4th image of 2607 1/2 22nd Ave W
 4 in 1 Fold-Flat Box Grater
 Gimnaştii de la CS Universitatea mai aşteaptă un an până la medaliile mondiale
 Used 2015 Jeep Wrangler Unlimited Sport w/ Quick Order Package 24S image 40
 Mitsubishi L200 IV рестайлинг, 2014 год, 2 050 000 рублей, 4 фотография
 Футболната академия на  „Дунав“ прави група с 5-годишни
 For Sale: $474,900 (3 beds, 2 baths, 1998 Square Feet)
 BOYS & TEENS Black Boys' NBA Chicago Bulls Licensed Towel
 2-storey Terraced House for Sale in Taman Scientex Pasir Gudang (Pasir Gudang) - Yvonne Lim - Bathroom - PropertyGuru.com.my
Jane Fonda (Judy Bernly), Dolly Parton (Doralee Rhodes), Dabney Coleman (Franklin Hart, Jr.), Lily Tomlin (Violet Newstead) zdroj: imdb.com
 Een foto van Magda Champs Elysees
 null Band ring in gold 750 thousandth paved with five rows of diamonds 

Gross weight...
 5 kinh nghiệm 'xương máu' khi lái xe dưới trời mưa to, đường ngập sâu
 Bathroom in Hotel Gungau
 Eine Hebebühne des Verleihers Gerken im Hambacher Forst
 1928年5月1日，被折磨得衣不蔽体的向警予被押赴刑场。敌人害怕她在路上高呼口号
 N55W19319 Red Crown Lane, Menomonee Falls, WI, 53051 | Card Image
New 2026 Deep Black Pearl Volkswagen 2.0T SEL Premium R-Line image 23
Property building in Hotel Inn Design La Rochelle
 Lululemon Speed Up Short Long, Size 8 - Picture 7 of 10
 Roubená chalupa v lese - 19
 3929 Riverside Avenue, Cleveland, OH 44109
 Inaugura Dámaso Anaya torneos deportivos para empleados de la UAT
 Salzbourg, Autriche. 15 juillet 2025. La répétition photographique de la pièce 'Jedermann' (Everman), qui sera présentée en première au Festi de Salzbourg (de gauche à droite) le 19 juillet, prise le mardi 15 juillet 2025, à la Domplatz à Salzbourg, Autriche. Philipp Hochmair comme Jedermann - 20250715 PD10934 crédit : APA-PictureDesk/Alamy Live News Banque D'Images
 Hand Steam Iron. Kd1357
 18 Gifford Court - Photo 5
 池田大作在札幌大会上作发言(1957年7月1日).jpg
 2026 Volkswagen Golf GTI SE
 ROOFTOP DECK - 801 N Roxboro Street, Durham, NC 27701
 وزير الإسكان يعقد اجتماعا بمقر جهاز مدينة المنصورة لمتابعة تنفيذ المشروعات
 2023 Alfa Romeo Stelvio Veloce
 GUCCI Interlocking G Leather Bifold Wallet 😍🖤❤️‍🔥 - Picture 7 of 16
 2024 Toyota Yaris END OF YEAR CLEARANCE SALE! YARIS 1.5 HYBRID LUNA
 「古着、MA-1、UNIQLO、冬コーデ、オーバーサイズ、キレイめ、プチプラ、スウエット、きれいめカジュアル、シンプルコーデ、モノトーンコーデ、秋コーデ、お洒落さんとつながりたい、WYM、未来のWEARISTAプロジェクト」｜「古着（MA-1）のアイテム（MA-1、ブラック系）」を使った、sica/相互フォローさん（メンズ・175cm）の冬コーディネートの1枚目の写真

____

[WHAT THE TASK ASKS]
Go through the lines above and copy any that contain "Volkswagen".

[RESPONSE]
New 2026 Deep Black Pearl Volkswagen 2.0T SEL Premium R-Line image 23
 2026 Volkswagen Golf GTI SE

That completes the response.